She advised me to do nothing, stay as is, ride it out for as long as I can - wait for him to do something.
Reasons; I have two kids, one turned 18, other 14, STBXH - no longer responsible for 18 year old - and just child support for 14 year, minus - health insurance that I would have to get on my own, it wouldn't make sense financially to get divorced.
Yes, I could go for alimony, but that is not a guarantee, it is based on NEED, and even then he may not agree to amount!
It was just a let down, I feel stuck, I know I don't want to be married to him any longer, but why be stupid financially just because I want to be free of him? Why push it?
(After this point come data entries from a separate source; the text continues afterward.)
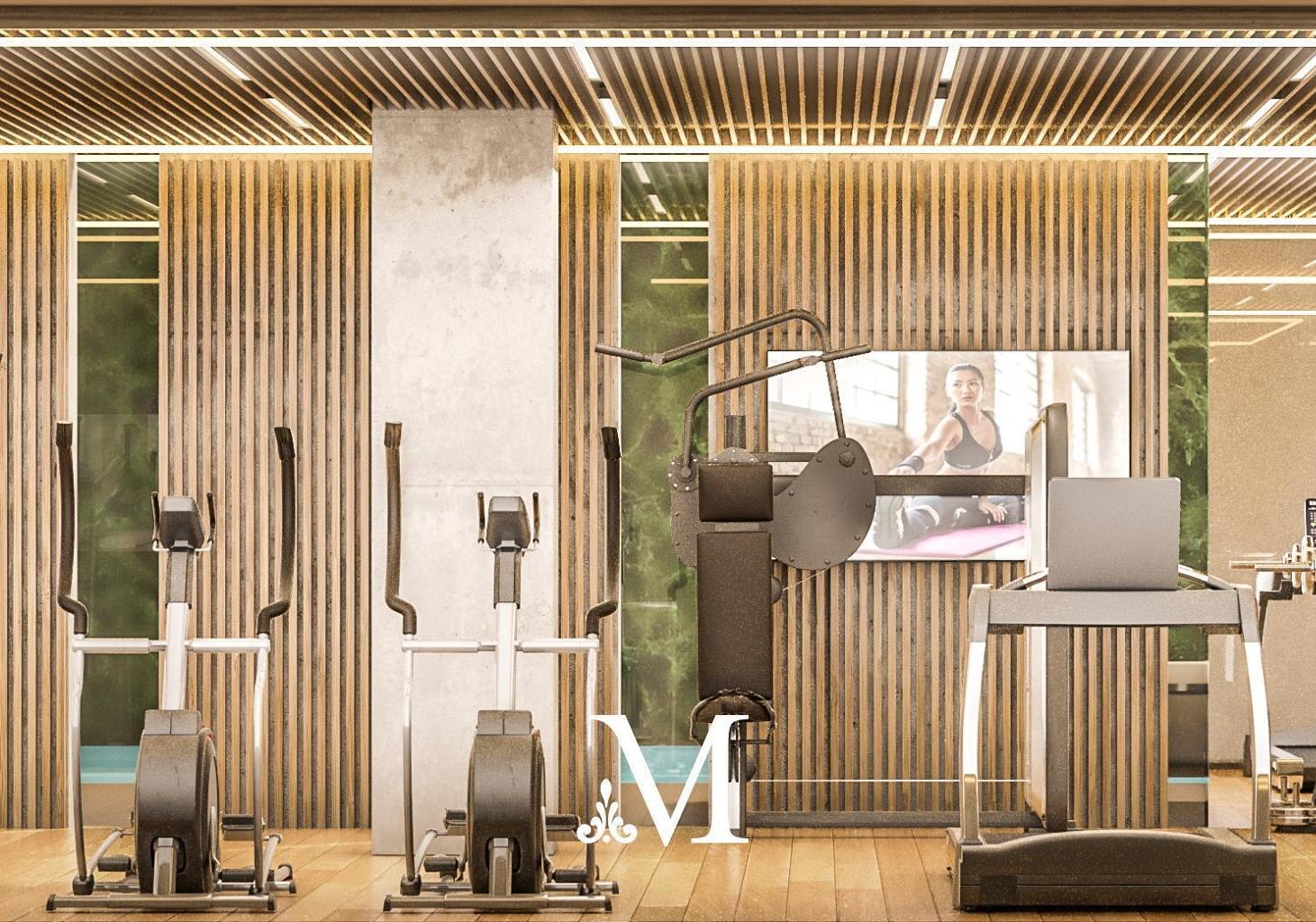 Foto de Exclusivo 3 Ambientes en Torre Premium Full Amenities | 97 m² | Palermo, imagen 5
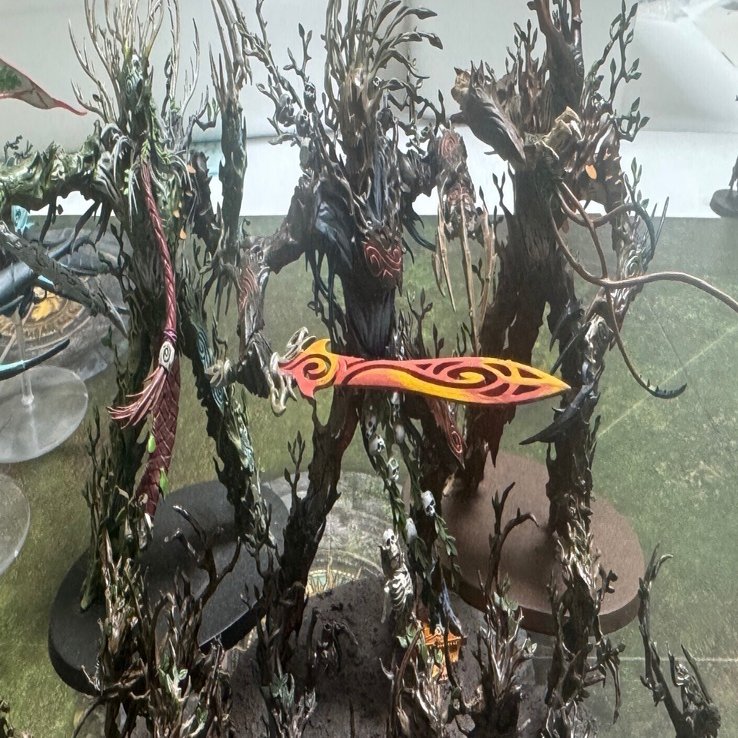 ウォーハンマーAoS】シルヴァネスとは｜シュラゴン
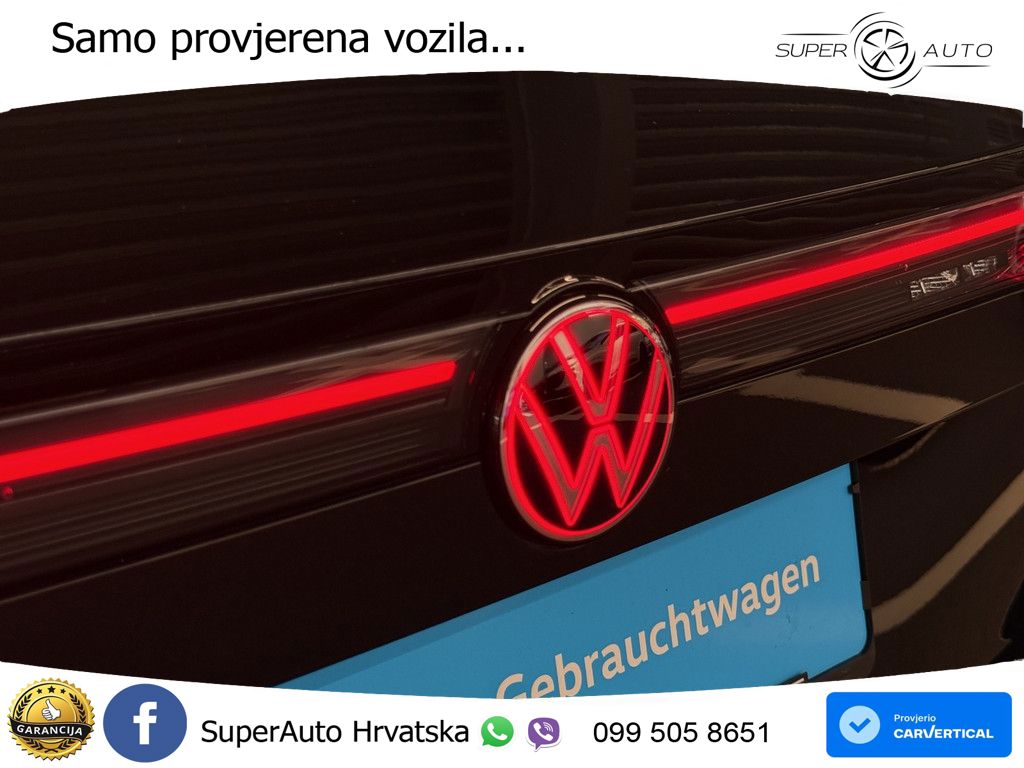 Volkswagen Passat Variant 1.5 TSI (272 KS) eHybrid DSG R-Line MATRIX+GR SJED+KAM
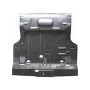 TRUNK FLOOR COMPL GTO/LEMANS/TEMPEST 69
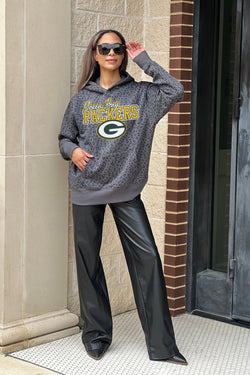 NFL Green Bay Packers Hoodie & Leggings For Women Custom Your Name –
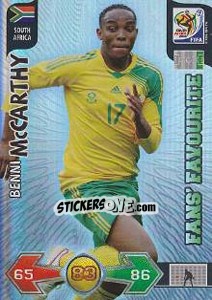 Figurina Benni McCarthy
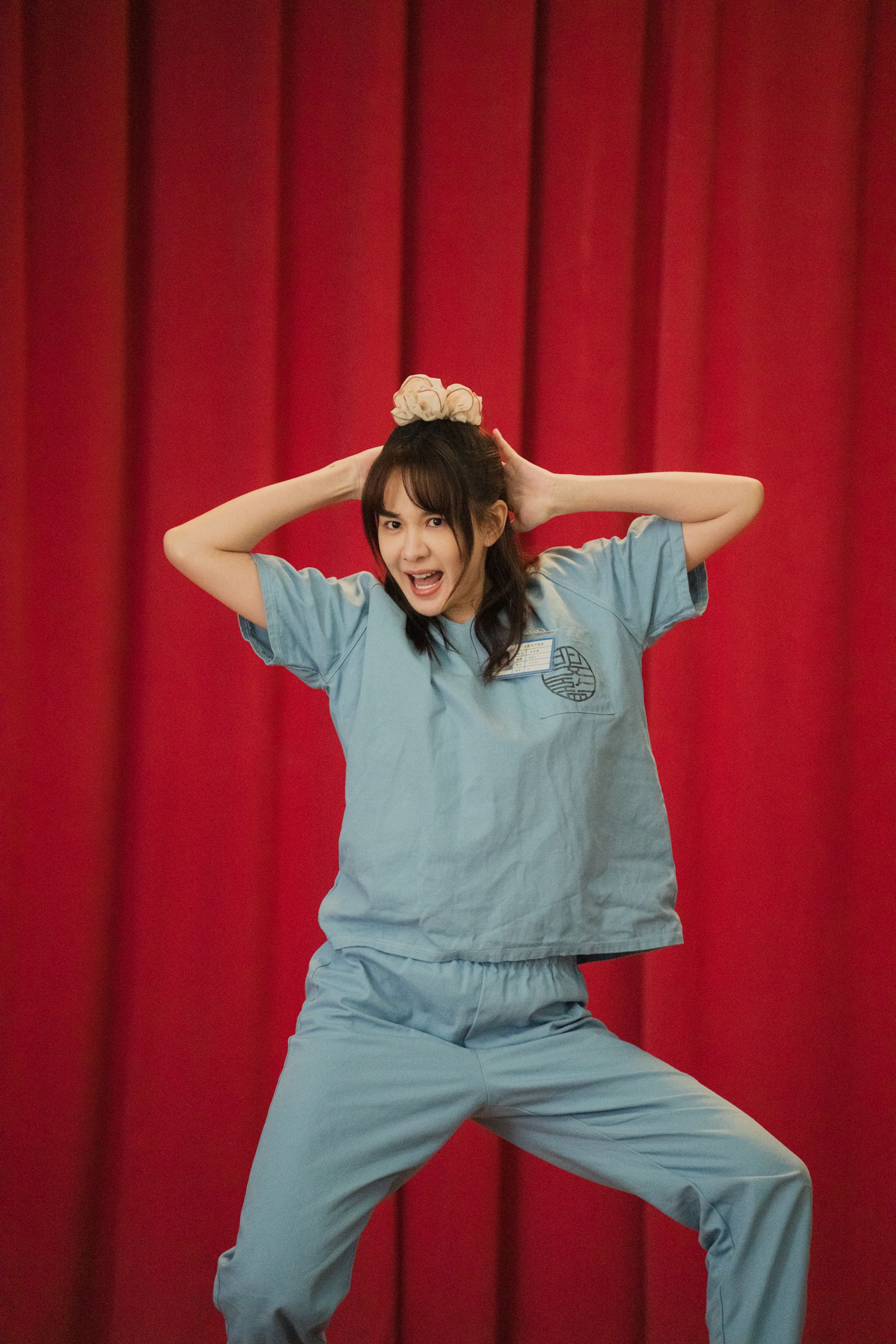 安心亞在《陽光女子合唱團》演出放大十倍的自己。壹壹喜喜提供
I don't have anyone else in my life, nor am I looking, but I always thought that I would feel "available, single" once I would be divorced - not feel like I would be cheating, if someone ever happened to come along!!!
This whole thing just sucks!
When a person shows you who they are, believe them - Maya Angelou
minus - health insurance that I would have to get on my own
I'm not pushing you to move forward, but I'm suggesting you challenge some of those obstacles and look for solutions. Stuck is a hell of a place to live.
"Ring the bells that still can ring
Forget your perfect offering
There is a crack in everything
That's how the light gets in." -Cohen
It's hard, I know, but after a while it got easier.
I would take the lawyer's advice.
They were right about you.
I lived in limbo for a year, but called it "purgatory".
One thing that helped DD and I was to get on the state insurance and it was one way to free ourselves of STBXH.
I think many or most states have it now and it's really basic coverage, but makes things like prescriptions really inexpensive. I don't know how long we have on it and have to find out, but it was very freeing.
I am fighting to get it in the papers that he will pay for the expense that are unpaid, where he is trying to stick me with half the financial responsibility, and I am unemployed SAHM for ten years and pregnant! What would I pay with?
So anyway, I just wanted to chime in and say that I agreed, it seems like you ought to have more rights than that lawyer gave info. for.
I "interviewed" several and one told me how awful my balance sheet would look!? I told her, "I know! It had been planned to share that balance sheet for our whole lives!-at least by me!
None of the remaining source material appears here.